Bellamy says the attacks over SJP’s charges are at odds with other adviser charging practices in the market, particularly the increase in advice charges post-RDR.
“It is a bit rich. Our fee structures have been consistent throughout this period, and yet the adviser community has moved from 50 basis points for ongoing advice to 75 to 100bps. Some of the ways they’ve done that is by moving people from active funds to passive funds. That’s not good behaviour, but it’s pretty common. It is ironic that those people look into this organisation and cry foul.”
Away from charges, SJP has also come under fire for its incentive structure for partners with reports suggesting advisers are treated to lavish foreign trips and high-end jewellery.
Bellamy says advisers receive a “badge of office” for making partner, which is a pair of cufflinks with SJP’s logo. He adds incentive schemes are disclosed to clients and the FCA is aware of the incentives in place.
“It is disingenuous to say it’s all fancy dinners with Bill Clinton because we don’t do that. We do have big speakers. As people are aware, this year we had George Osborne. I won’t apologise for the fact we had an ex-chancellor of the exchequer come and talk to 6,500 people in a financial services business about Brexit, about the economy and about his view on what the future looked like. That seemed to me something that was quite educational. Unfortunately you don’t get thanked for getting someone with that kind of pedigree, you just get kicked around the place because he cost £40,000.”
He says the barrage of negative press has been hard to take given the language used.
“We were concerned about the first Sunday Times article because it talked about rip-offs. That suggests cheats and swindlers, and I have to say that got us a bit uptight. That was very personal. Talk to our clients about the value they get from this organisation and the relationship they have with us, and you will find the predominance of clients who are very happy. Why would people recommend us if they weren’t happy? We count former fund managers and economists among our clients. Do you really think they don’t understand the charging structure?”
Bellamy says clients see SJP as a business that is focused on returns and performance, and he is aware of clients disputing the picture being painted by the Sunday Times.
As for other advisers’ negative perception of SJP, Bellamy believes this comes down to a lack of understanding about how the business model works.
“There’s a bit of envy out there, and there’s a bit of ignorance to be honest as well. People don’t understand what we do. We’re delivering to clients industrial scale funds with retail characteristics. The result is we get wholesale rates and play that into the retail market. Most of the fund managers we deal with are cheaper than they would be on any other platform in the country. And all of that benefit is passed straight through to clients.
“We are described as restricted, vertically integrated, tied, and probably lots of other derogatory comments as well. We’re trying to do the best possible job we can for our clients, and it works, and we have a lot of satisfied clients. I don’t think there’s anything restricted about that.”
A special relationship?
There is a theory swirling in industry circles that given SJP’s size and scale, the company has a different kind of relationship with the FCA than other advice firms.

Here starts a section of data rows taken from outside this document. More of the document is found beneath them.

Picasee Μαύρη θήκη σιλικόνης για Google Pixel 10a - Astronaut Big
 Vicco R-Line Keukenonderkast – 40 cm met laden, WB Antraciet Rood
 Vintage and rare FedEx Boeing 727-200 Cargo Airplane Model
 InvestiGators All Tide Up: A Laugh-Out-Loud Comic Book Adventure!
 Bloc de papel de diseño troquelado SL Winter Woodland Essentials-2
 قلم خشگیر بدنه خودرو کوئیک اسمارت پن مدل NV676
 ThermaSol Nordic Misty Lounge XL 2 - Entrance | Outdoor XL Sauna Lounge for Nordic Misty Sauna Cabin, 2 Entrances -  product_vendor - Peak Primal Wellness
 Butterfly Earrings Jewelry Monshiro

Specifically, the story goes that because SJP pays so much into the regulatory system (£17.2m in Financial Services Compensation Scheme levies in 2016, and a further £20.1m in 2015) that somehow SJP has cut some sort of “deal” whereby the regulator looks the other way on issues such as charges.
Bellamy finds the idea absurd.
“If people think about this rationally, look at what’s happened to the banks over the last six to seven years. Billions have been taken out of the banks, and put back into society through fines and compensation for payment protection insurance. If anybody was putting into the system, the banks were, both by way of tax and regulatory fees.
“We’re relatively tiny by comparison. The notion that regulators would be at all influenced by these things is bizarre. We have a decent relationship with the regulator because they want the same things we do. They want clients to be looked after, and to be treated fairly and honestly, and be given a good service. That’s what we aspire to do.
“They will have no issue with different charging structures providing it satisfies the rules. And our charging structure satisfies the rules. They know that, and we know that. There is no deal.”
What the future holds
Earlier this week, Bellamy announced he would be stepping down as chief executive at the end of this year. By that time he will have spent 26 years as part of the SJP executive team, and 11 years at the helm. Subject to regulatory approval, he will be succeeded by chief financial officer Andrew Croft who in turn will be replaced by chief risk officer Craig Gentle.
Bellamy will stay on at SJP in an advisory capacity from next year, and will take on the role of non-executive chairman of the company’s international division.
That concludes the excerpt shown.